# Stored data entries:
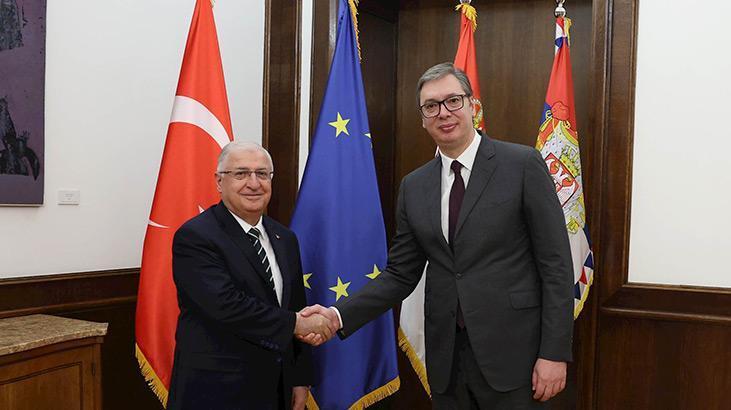 Bakan Güler ile Sırbistan Cumhurbaşkanı Vucic görüştü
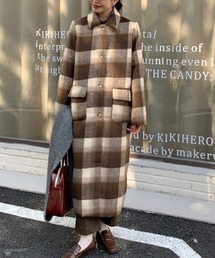 aimoha | チェック柄フェイクウールロングコート(チェスターコート)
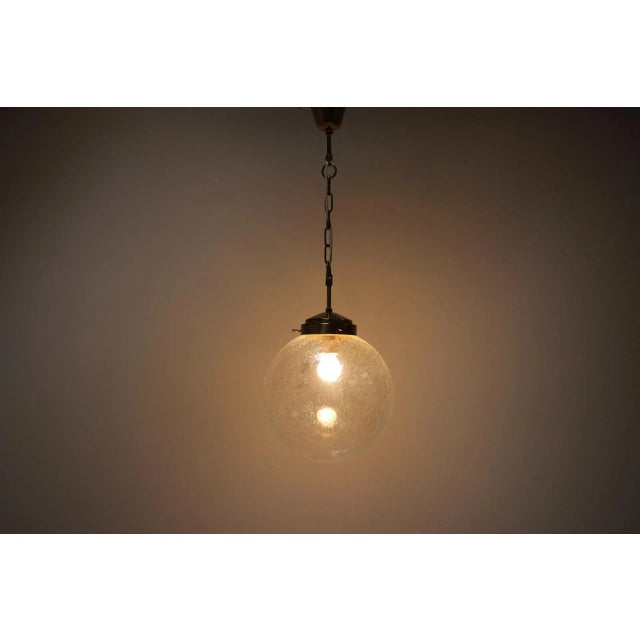 Metal Mid-Century Big Glass Pendant by Kamenicky Senov, 1970s For Sale - Image 7 of 10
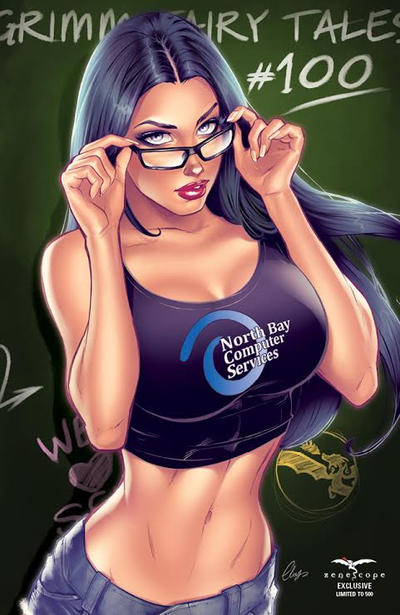 Cover for Grimm Fairy Tales (Zenescope Entertainment, 2005 series) #100 [North Bay Computer Services Exclusive Variant by Elias Chatzoudis]
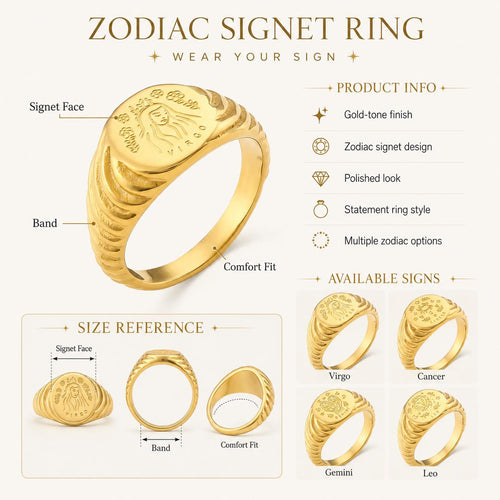 18K Gold Plated Zodiac Signet Ring, Stainless Steel Engraved Astrology Ring - image 2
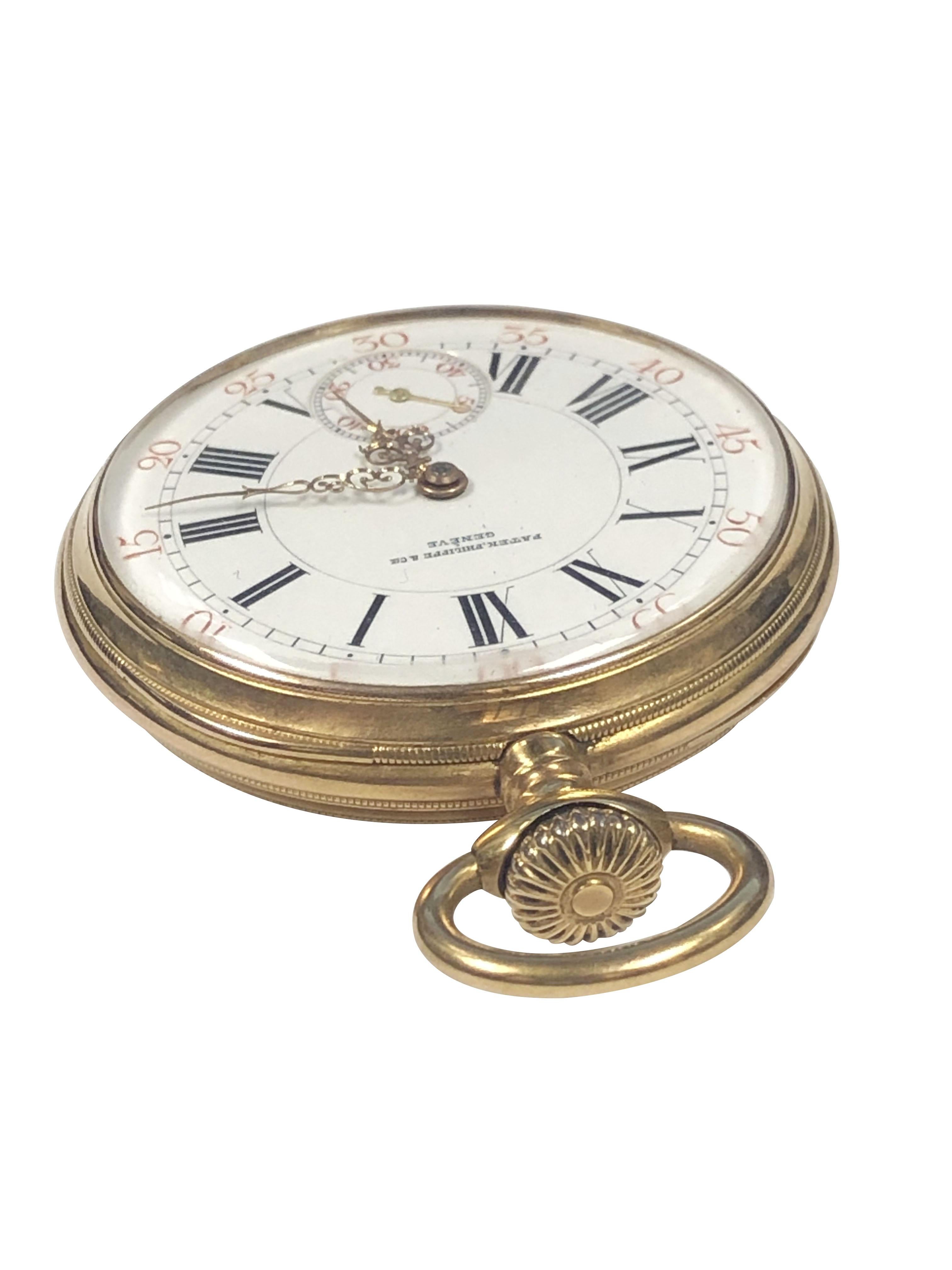 Antique Patek Philippe Yellow Gold Porcelain Dial Pocket Watch In Excellent Condition In Chicago, IL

# ABOUT THIS TASK:
Pictures must be left out of the answer, which should be exactly the lines from the one holding "Metal Mid-Century Big" through the last line of the entries above, both included; please add nothing.

# EXPECTED OUTPUT:
 Metal Mid-Century Big Glass Pendant by Kamenicky Senov, 1970s For Sale - Image 7 of 10
 Cover for Grimm Fairy Tales (Zenescope Entertainment, 2005 series) #100 [North Bay Computer Services Exclusive Variant by Elias Chatzoudis]
 18K Gold Plated Zodiac Signet Ring, Stainless Steel Engraved Astrology Ring - image 2
 Antique Patek Philippe Yellow Gold Porcelain Dial Pocket Watch In Excellent Condition In Chicago, IL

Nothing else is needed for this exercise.